Die politische Zusammenarbeit mit Rüstungsunternehmen ist ein Drahtseilakt. Für die Ukraine werden Waffen benötigt. Man muss den Rüstungsfirmen zugestehen, dass sie (zumindest in Maßen) nach Profit streben und ihre Waffen weiterentwickeln. Doch das ist keineswegs die einzige Herausforderung, wie die Befürworter des Werbedeals suggerieren. Denn in der Politik fördern Waffen-Lobbyisten den Militarismus, und in anderen Regionen ermöglichen Rüstungsfirmen autokratischen Regimen ein brutales Vorgehen gegen die Zivilbevölkerung.
Fazit
Latzel hat der Gesellschaft einen wertvollen Dienst geleistet, weil der Werbedeal mit Rheinmetall ohne seine Kritik weniger Aufmerksamkeit erhalten hätte. Es heißt, es sei Teil der "Zeitenwende", dass deutsche Rüstungsunternehmen in der Öffentlichkeit klarer Präsenz zeigen. Doch Rheinmetall erhält ohnehin schon viele Milliarden an Steuergeldern, um die Produktion hochzufahren, die Bundeswehr auszurüsten und die Ukraine zu beliefern.

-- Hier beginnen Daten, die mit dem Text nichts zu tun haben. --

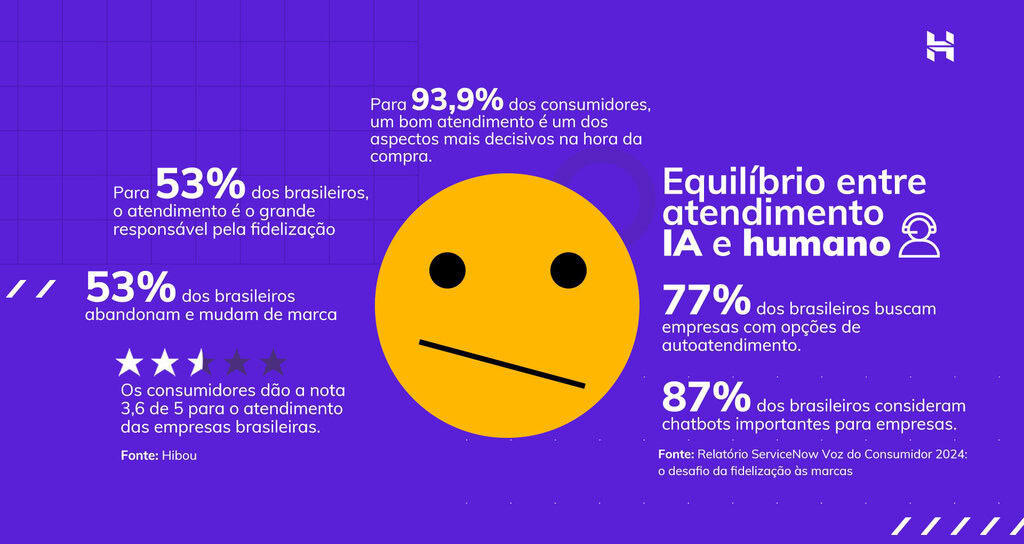 infogr&aacute;fico da hostinger sobre equil&iacute;brio entre atendimento ia e humano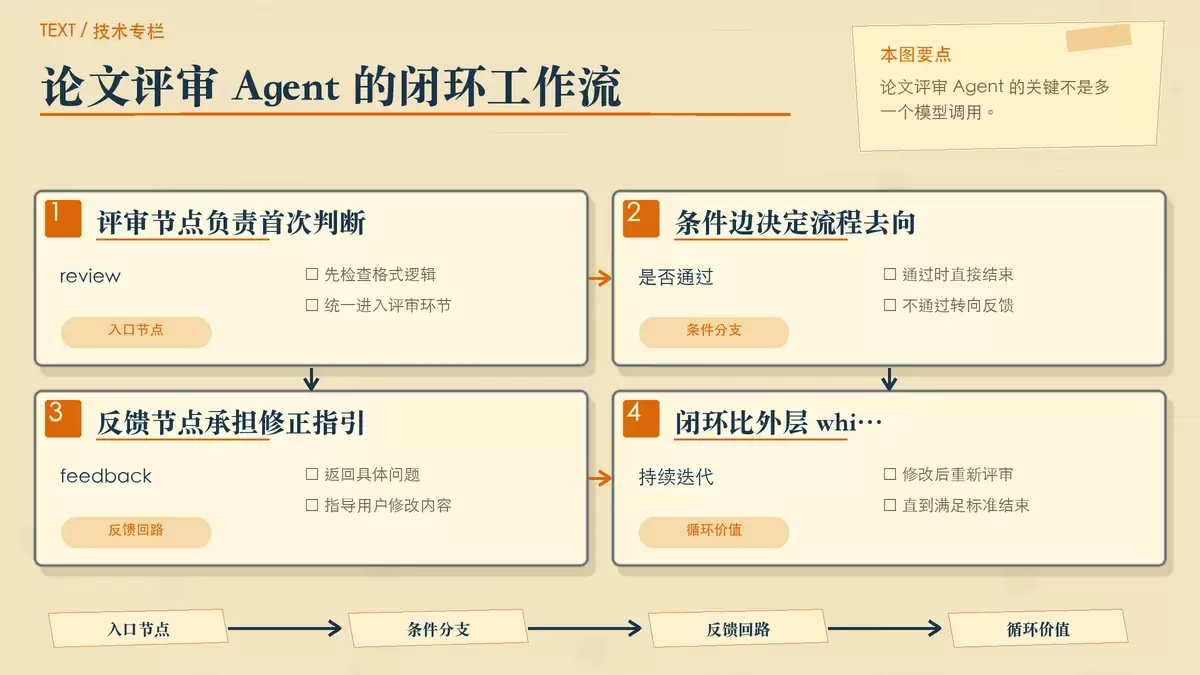 论文评审 Agent 的闭环流程示意图，突出检查、反馈与再次评审的循环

Die kontroverse Bewertung des Werbevertrags und der Kritik daran entspricht der ethischen Bewertung der militärischen Gewalt durch die evangelische Kirche. Die EKD hat sich mit guten Gründen für eine ambivalente Position ausgesprochen: Sie kritisiert militärische Gewalt und würdigt sie zugleich. Diese Spannung möchte die Kirche weder zur einen noch zur anderen Seite auflösen: weder in eine grundlegend positive Betrachtung militärischer Gewalt noch im Sinne einer pazifistischen Fundamentalopposition. Diese Ambivalenz ist sinnvoll und gewollt, und so wird sie sich immer auch in den Streitfragen niederschlagen, die mit dem Militär zu tun haben.
Man kann die "Zeitenwende" durchaus gutheißen. Doch damit der Einfluss des Militärs in Gesellschaft und Politik nicht überhand nimmt, müssen Militär und Rüstungsindustrie unter demokratischer Aufsicht bleiben. Dazu tragen Werbebanner bei Fußballspielen nicht bei. Sie vertuschen die problematischen Seiten von Rheinmetall und verstärken eher einen gefährlichen Trend zur Militarisierung. Gepaart mit der Unterstützung in Sachen Ukraine braucht es auch wache Beobachtung und Kritik.